TASK DETAILS:
Would you repeat word for word the lines of the listing that follows, from the one with "So what is our" up to and including the one with "Hello viewers, welcome", and leave out the images?

RECORDS TO USE:
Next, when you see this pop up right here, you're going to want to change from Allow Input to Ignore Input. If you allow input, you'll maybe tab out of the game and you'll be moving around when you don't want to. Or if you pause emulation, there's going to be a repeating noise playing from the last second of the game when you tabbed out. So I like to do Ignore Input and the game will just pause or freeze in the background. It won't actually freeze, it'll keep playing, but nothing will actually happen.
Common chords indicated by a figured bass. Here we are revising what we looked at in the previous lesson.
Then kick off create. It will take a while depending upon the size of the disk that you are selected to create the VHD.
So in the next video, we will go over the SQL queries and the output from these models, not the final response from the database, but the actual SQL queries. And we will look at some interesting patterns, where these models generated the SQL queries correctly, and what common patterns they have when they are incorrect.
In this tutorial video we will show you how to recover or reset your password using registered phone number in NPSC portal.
---
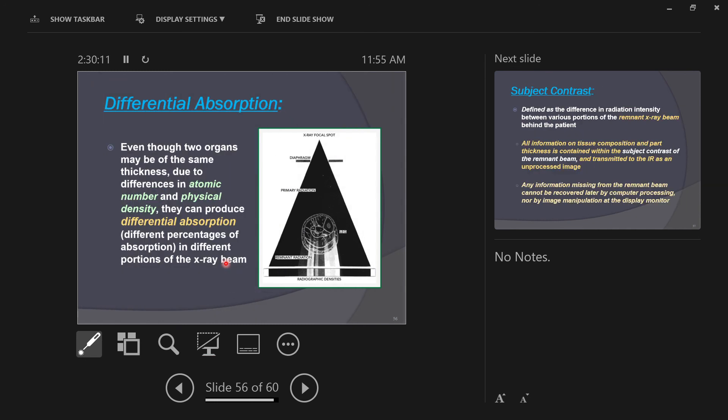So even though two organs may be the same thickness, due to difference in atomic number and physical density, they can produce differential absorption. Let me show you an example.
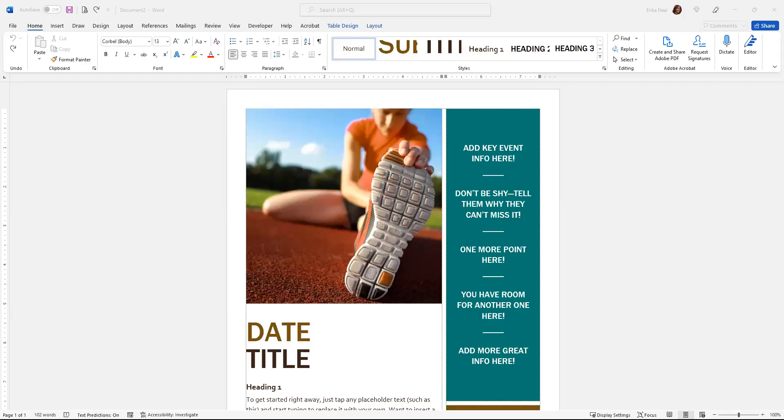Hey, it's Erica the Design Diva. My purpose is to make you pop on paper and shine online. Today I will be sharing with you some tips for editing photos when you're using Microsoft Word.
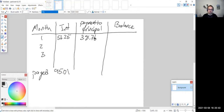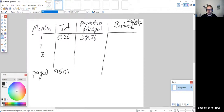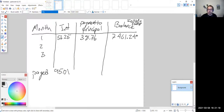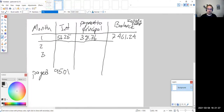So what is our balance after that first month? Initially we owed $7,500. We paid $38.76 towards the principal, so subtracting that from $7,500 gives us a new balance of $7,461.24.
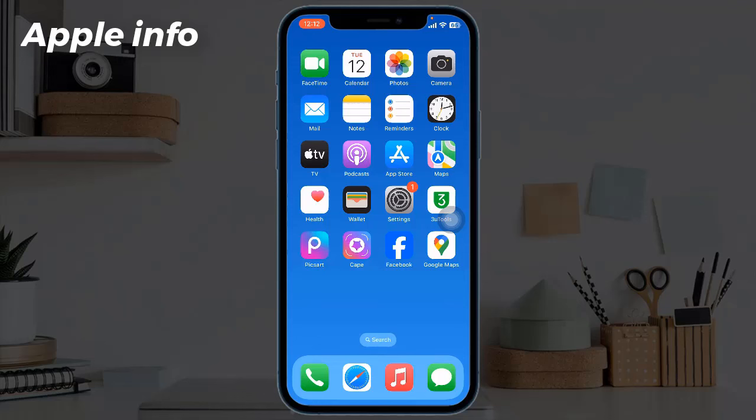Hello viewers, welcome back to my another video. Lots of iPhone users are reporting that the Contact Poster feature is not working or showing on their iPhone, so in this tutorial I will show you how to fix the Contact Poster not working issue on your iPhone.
...
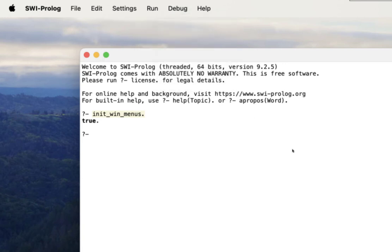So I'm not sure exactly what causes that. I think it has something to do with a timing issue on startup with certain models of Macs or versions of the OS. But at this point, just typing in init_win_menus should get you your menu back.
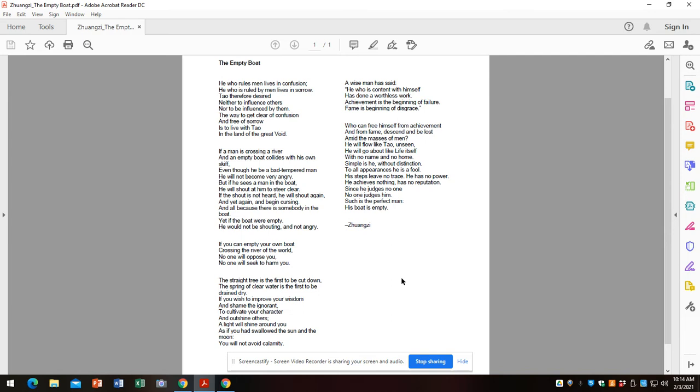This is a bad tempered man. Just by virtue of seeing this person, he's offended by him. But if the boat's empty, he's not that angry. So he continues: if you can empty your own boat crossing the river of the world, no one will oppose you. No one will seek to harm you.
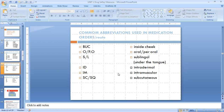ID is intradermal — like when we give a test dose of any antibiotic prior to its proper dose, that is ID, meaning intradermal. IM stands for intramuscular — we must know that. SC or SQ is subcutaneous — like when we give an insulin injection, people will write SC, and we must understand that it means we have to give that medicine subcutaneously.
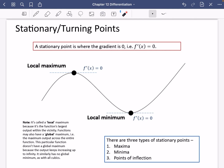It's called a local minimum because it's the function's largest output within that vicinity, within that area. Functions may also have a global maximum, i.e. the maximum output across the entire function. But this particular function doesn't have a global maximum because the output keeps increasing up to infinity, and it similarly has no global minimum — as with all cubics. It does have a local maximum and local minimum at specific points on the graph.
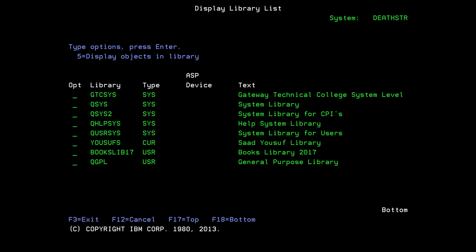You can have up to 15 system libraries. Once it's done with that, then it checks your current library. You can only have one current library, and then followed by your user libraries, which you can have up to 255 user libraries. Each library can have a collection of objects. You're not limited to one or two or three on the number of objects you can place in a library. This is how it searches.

REPLY TO THE TASK:
So what is our balance after that first month? Initially we owed $7,500. We paid $38.76 towards the principal, so subtracting that from $7,500 gives us a new balance of $7,461.24.
Hello viewers, welcome back to my another video. Lots of iPhone users are reporting that the Contact Poster feature is not working or showing on their iPhone, so in this tutorial I will show you how to fix the Contact Poster not working issue on your iPhone.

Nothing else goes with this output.